#### [TASK]
Write out, from the entries below, exactly the lines that run between the lines holding "BB CARE Cold" and "Serpentine Print Woven Tote Bag", inclusive, and stop there.

#### [THE DATA]
▬▬▬

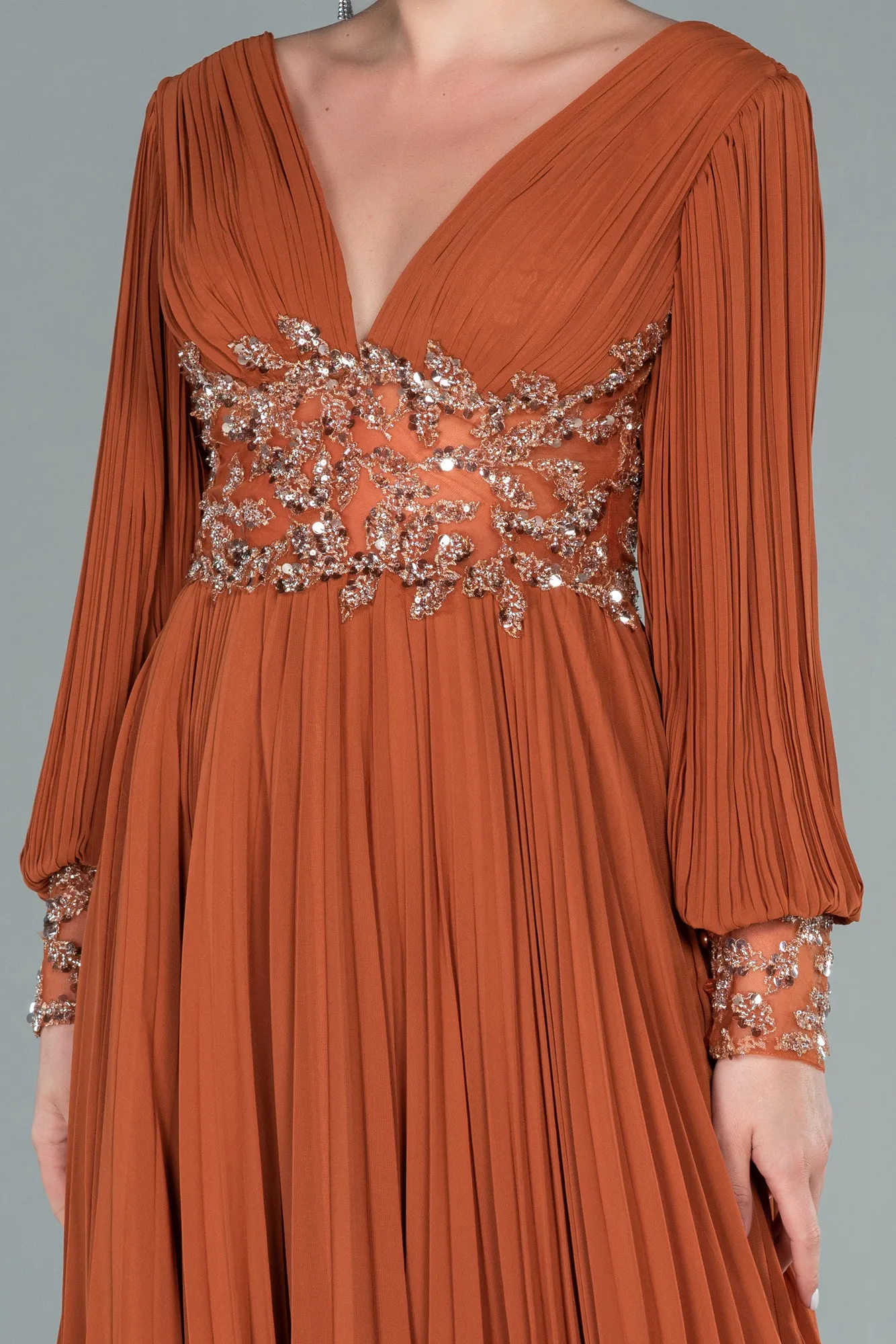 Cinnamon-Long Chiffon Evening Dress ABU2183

▬▬▬

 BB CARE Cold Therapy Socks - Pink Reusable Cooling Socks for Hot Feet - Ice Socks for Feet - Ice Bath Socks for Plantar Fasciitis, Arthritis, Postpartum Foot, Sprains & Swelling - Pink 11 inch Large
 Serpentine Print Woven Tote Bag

▬▬▬

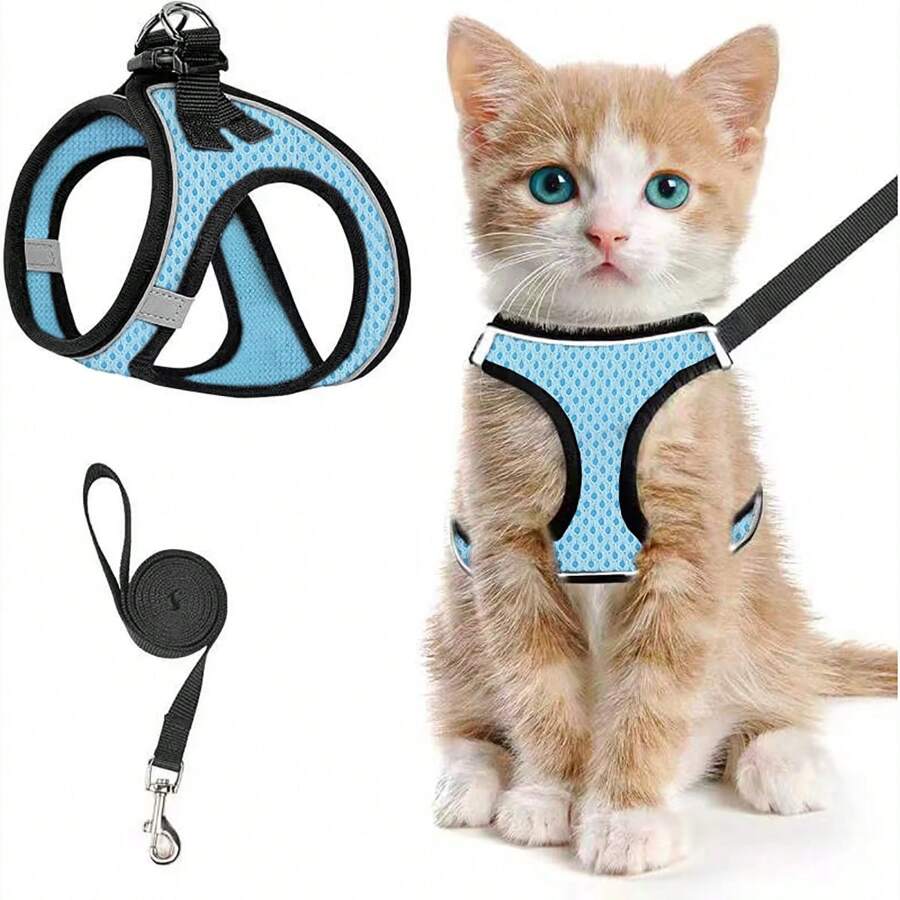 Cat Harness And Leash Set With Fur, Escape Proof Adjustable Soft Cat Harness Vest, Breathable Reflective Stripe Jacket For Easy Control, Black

▬▬▬

#### [TASK RESULT]
 BB CARE Cold Therapy Socks - Pink Reusable Cooling Socks for Hot Feet - Ice Socks for Feet - Ice Bath Socks for Plantar Fasciitis, Arthritis, Postpartum Foot, Sprains & Swelling - Pink 11 inch Large
 Serpentine Print Woven Tote Bag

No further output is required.